One mother said when she got the note from the principal's office, she burst into tears. No, her daughter did not have head lice. Nor was she being notified that she would be expected to sell a carload of candy bars to pay for soccer uniforms. It was not a problem with grades or discipline.
The woman had just learned that Michelle Gummer, principal at Blessed Sacrament School in Fort Mitchell for 17 years, won't be returning in the fall. This - I am assured unanimously by parents, faculty and students - is an extremely emotional loss. It's hard to imagine. I remember my principals as being a little scary, certainly remote. They didn't know your name unless you were a troublemaker.
The candy apron
Ms. Gummer - Mickie to grownups - knows every one of her 600 students by name. It is not rare for her to notice an uptick in somebody's grades and send a personal note and a stick of Juicy Fruit gum home with the report card. She zips around the halls in a voluminous white apron, its 100 colorful pockets crammed with candy. Funny, good-humored and, still, an administrator who keeps her eye on the big picture.
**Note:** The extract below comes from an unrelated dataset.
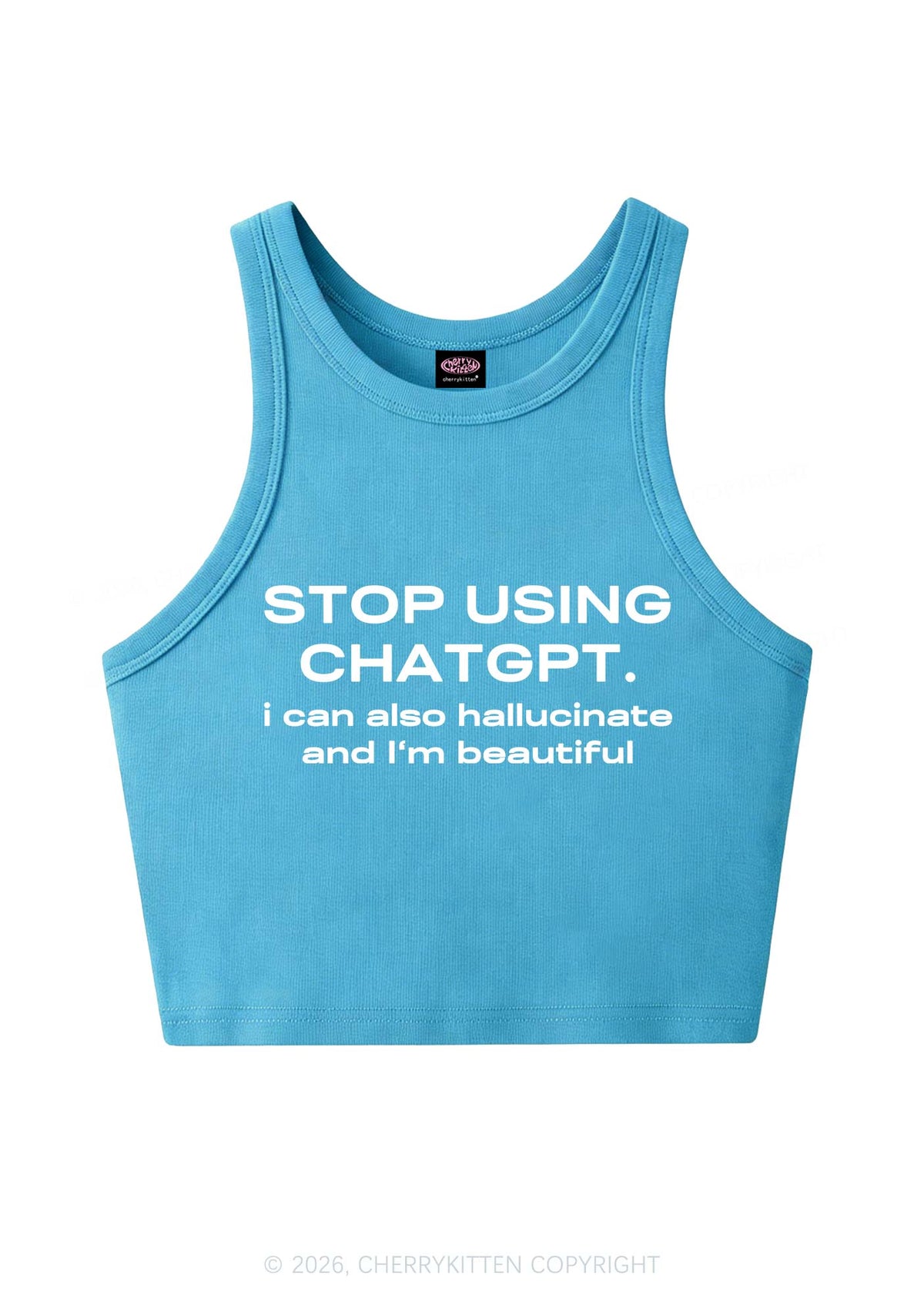 Stop Using GPT Y2K Crop Tank Top Cherrykitten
The big picture, Mickie says, is making sure the kids get what they need. Academics, of course, but sometimes other things.
Last week, she took her fourth-graders to Frankfort so they could see where their government works. As we talk, she looks wistfully out her window at the first graders. This is Camp Out Day, when they pitch tents, eat hot dogs and write postcards "home."
I am not amazed to learn that as soon as Mickie got rid of me, she slipped out of the office to join the real kids around the fake campfire. "She loves them," says Debbie O'Daniel, a secretary. "When she gets bogged down with meetings, she'll just say, 'I have to be with the kids.' "
Mickie doesn't know what's next. "I'm not burned out or anything," she says. "I just think it's time to do something different, maybe teach at a university." She's a graduate of the College of Mount St. Joseph and is considering an opportunity at her alma mater.
"I'd love to see her teach other principals," says Karen Schmidt, who was president of the parents' auxiliary last year. "She is one in a million."
Sometimes for a kid, it just takes one. One person to notice you're struggling. Or when you've struggled and succeeded. A note. A stick of gum. An invitation to dip into the candy apron. The chance to feel special. Evidence that school is a place where you can succeed and maybe have some fun.
The principal has to make sure textbooks arrive, that new teachers are hired, that safety procedures are current, that the floors are clean and the playground equipment is in good repair. Meetings. Conferences. Memos. Test scores. Teacher salaries. Building repairs.
And then somebody comes along who wrestles with all these things and still remembers her most important work happens when she steps outside her office.
To see what the children need.
E-mail firstname.lastname@example.org or phone 768-8393.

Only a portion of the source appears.